PROBLEM TO SOLVE —
If a line in the listing carries the word "Blue", return a copy of that line.

EXERCISE MATERIAL —
* * *

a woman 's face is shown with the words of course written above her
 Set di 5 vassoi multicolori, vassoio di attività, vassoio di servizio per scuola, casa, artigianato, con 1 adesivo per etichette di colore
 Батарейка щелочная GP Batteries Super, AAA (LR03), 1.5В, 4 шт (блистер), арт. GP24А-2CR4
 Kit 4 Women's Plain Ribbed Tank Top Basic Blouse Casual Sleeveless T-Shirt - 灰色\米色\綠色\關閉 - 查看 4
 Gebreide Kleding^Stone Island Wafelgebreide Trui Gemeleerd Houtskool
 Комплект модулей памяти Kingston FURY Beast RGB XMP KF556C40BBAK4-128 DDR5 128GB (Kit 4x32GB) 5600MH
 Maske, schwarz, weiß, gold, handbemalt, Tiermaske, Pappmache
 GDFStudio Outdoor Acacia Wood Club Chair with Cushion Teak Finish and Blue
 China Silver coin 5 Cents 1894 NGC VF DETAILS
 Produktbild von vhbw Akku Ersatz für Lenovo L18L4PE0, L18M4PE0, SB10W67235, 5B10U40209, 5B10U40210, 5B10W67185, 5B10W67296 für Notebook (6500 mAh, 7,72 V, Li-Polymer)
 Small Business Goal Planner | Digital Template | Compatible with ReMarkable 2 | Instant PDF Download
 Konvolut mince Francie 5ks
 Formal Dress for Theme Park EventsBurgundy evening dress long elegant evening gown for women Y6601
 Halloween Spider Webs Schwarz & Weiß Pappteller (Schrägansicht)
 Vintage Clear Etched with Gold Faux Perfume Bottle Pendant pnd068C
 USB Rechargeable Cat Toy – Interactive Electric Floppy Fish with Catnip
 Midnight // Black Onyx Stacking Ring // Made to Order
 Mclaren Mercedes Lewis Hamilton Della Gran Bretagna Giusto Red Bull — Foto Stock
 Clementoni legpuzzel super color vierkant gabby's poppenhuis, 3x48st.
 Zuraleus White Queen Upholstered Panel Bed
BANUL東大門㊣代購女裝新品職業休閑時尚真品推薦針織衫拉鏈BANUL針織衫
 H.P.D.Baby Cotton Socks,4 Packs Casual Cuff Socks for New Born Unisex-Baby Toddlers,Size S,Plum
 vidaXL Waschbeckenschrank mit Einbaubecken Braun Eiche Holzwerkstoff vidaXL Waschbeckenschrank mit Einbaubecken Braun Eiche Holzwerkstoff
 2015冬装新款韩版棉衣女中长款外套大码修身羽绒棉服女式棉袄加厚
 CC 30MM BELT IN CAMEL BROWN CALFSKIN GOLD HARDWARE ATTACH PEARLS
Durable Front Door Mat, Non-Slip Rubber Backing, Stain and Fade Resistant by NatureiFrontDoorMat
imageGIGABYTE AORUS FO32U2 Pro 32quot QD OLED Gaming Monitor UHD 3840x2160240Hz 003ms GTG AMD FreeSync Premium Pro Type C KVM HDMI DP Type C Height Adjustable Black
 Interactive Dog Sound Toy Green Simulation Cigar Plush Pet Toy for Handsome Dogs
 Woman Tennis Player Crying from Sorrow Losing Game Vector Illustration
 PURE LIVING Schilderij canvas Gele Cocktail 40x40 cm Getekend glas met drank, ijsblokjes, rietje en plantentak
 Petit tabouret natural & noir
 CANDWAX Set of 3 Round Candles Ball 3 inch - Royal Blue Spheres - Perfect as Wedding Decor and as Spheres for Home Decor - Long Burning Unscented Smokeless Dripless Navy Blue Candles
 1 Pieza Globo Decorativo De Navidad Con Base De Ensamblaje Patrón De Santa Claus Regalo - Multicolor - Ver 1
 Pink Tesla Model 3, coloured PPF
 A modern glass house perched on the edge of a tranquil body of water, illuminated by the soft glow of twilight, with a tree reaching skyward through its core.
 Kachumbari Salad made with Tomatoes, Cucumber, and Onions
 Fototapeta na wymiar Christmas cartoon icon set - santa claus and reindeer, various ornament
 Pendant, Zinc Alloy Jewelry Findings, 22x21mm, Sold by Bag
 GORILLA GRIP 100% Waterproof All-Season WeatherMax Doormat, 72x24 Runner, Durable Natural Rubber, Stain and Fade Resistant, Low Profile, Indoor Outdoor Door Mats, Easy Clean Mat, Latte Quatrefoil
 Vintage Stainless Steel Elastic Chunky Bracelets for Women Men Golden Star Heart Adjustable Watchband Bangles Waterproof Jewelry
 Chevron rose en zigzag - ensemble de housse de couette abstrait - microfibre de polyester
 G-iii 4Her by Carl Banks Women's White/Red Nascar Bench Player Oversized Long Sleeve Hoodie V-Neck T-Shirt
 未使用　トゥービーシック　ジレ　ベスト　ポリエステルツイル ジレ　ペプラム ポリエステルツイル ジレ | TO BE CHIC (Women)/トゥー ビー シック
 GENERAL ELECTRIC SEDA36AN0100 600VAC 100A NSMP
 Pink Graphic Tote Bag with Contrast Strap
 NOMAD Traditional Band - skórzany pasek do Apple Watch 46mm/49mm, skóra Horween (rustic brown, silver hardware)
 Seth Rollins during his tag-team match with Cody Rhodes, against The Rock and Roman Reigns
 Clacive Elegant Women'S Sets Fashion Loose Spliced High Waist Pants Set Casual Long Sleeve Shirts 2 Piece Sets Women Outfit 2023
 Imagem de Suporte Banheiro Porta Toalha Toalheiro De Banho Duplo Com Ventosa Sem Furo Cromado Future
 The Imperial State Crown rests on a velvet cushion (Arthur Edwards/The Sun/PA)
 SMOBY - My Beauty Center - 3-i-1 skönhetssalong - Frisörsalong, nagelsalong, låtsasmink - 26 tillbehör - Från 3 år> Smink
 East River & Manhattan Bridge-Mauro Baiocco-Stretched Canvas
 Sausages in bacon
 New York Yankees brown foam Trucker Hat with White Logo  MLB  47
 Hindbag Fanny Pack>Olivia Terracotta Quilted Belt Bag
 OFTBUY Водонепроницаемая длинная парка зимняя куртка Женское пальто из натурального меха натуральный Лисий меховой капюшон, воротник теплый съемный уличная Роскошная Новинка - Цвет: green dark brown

* * *

ANSWER TO THIS EXERCISE —
 GDFStudio Outdoor Acacia Wood Club Chair with Cushion Teak Finish and Blue
 CANDWAX Set of 3 Round Candles Ball 3 inch - Royal Blue Spheres - Perfect as Wedding Decor and as Spheres for Home Decor - Long Burning Unscented Smokeless Dripless Navy Blue Candles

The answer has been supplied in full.